= Andrew Hunter (preacher) =

Andrew Hunter, (d. 1638) Scottish minister and political agent.

Andrew Hunter MA was minister of Carnbee and in 1588 Newburn in Fife. He was supporter of the rebel Francis Stewart, 5th Earl of Bothwell, and became his chaplain, which angered King James VI and he was exiled in May 1594. Henry Lok informed Sir Robert Cecil of his arrival in London in August.

Hunter was an informer for Sir Robert Cecil, offering his opinions on Alexander Dickson, "ane enemie of your stait", and John Wemyss of Logie, "cunning", and sending information on the movements of Jesuits and underground Roman Catholic priests. In July 1598 he was in Edinburgh undergoing questioning about his movements and Logie's confession, which appeared to implicate James VI of Scotland as a covert supporter of Catholic causes.

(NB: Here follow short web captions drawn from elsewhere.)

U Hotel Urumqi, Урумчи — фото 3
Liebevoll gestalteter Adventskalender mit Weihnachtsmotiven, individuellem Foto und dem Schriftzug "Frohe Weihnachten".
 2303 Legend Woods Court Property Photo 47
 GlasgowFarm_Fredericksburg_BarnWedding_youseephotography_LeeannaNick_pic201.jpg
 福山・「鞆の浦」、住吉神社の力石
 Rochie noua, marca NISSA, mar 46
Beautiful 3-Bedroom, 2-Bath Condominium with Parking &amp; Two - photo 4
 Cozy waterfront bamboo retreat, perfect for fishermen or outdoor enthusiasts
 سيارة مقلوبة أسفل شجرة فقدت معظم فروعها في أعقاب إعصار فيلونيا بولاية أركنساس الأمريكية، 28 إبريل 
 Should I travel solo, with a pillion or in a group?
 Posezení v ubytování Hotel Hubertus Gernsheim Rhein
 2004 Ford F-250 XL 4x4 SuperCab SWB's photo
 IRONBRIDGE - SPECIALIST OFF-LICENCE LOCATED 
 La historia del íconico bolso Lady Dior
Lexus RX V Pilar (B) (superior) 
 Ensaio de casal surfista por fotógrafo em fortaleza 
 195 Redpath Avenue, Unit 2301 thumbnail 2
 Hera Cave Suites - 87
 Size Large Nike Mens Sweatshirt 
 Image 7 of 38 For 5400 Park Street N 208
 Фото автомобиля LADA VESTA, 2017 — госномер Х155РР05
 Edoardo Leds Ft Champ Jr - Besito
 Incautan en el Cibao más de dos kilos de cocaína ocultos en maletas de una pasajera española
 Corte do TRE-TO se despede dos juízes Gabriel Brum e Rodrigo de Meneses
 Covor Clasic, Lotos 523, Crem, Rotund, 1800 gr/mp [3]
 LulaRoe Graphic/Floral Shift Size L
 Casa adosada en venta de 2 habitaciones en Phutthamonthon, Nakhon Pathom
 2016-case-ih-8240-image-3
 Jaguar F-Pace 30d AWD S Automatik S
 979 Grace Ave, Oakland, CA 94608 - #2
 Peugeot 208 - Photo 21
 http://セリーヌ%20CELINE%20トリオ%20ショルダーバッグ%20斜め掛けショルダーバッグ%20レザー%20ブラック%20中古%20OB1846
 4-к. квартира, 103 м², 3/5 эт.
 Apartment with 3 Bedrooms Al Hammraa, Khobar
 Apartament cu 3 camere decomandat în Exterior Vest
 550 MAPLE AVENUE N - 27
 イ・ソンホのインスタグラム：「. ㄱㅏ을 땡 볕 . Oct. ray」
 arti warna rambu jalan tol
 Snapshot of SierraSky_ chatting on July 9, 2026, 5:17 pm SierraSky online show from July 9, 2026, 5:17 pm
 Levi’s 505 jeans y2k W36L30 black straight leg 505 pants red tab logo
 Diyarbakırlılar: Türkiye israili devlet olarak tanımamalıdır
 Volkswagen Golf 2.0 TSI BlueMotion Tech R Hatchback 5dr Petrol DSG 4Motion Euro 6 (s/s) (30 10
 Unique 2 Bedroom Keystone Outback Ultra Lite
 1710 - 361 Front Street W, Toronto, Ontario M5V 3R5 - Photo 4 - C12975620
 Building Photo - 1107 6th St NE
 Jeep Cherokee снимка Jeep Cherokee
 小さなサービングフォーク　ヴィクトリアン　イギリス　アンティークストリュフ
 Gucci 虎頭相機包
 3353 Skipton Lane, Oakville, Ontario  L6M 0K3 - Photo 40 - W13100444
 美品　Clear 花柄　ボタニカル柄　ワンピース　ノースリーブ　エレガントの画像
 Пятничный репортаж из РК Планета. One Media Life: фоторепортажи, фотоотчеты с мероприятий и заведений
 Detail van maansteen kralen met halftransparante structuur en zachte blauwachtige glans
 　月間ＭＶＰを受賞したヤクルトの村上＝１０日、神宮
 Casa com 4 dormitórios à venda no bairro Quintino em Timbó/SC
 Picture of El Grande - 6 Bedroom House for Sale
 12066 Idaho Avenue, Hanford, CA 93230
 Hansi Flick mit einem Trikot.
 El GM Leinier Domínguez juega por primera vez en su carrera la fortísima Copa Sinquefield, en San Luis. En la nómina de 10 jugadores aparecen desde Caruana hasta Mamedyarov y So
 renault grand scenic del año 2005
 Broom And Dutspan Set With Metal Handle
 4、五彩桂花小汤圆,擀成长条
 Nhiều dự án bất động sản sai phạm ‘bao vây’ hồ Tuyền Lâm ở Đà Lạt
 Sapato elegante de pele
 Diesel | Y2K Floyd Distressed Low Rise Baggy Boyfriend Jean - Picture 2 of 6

Hunter wrote from The Hague to Henry Lok and Cecil in November 1598. He mentioned John Young who served Colonel William Stewart and Alexander Dickson, a "professor of the art of memory", formerly supported by the Earl of Leicester, and now an enemy of England.

In August 1599 Hunter was arrested at Great Yarmouth. He was carrying letters from Colonel Edmonds to James VI.

He became a military chaplain to the Scottish regiments fighting for the Dutch Revolt, living at Utrecht and The Hague and attended the Synod of Delft in 1622. He had a large number of children and a small salary.